Everyone is having a lovely time at the food fair, meandering slowly in groups of several plus at least one pushchair, through the absolutely chocabloc crowded town centre, pausing here for a while to see what this stall is selling, pausing there for a while longer to savour the delicious aroma, pausing again to WILL YOU JUST MOVE, DAMMIT, BEFORE I BARGE MY WAY THROUGH THE LOT OF YOU, ALL I WANT TO DO IS MOVE.
Maybe the delights of crowds - and food festivals - are wasted on me.

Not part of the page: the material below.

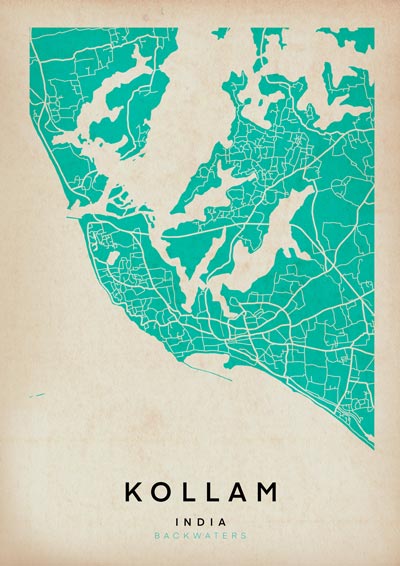 Vintage Kollam Map Art Print by Cha, The Wanderer Maps™, limited edition green monochrome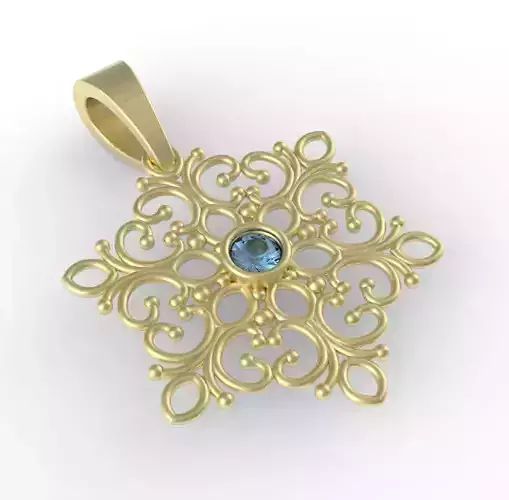 snowflake pendant 3D print model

As to further examples of rag dolls, the two I saw today, with their tutu style skirts and their cocky hats and their stocking tops, almost certainly were dressed up for something. Weren't they? They were definitely the most cheerful thing on the street (though given the street in question, that wasn't hard). But even better, I thought, was the small boy singlemindedly licking the inside (natch) of a bus window. Such things do give a day character. Something distinctive. It can be a perfect cloud or a stark, storm-lit landscape; nuthatches on the bird feeder or a little girl crouched down and talking very seriously to Peppa Pig on a packet of cake mix, completely wrapped up in the moment. When I was in London last summer for the day, I got back on the train and made a quick list of things that had caught my eye in the previous few hours. Sort of coathooks for memories:
beach huts
heron in the park
roses
free bikes
grubby Thames
a NatWest boat going under a bridge and looking like a spaceship
free runners practising
immigrant poems
Trojans and Greeks
fiddlers on Millennium Bridge.
Though some of the coathooks don't have anything hanging on them - what roses? I like the list just the same - it works for me in the same way as sketches. If I hadn't been driving, maybe I could have sketched the rag dolls in stockings today.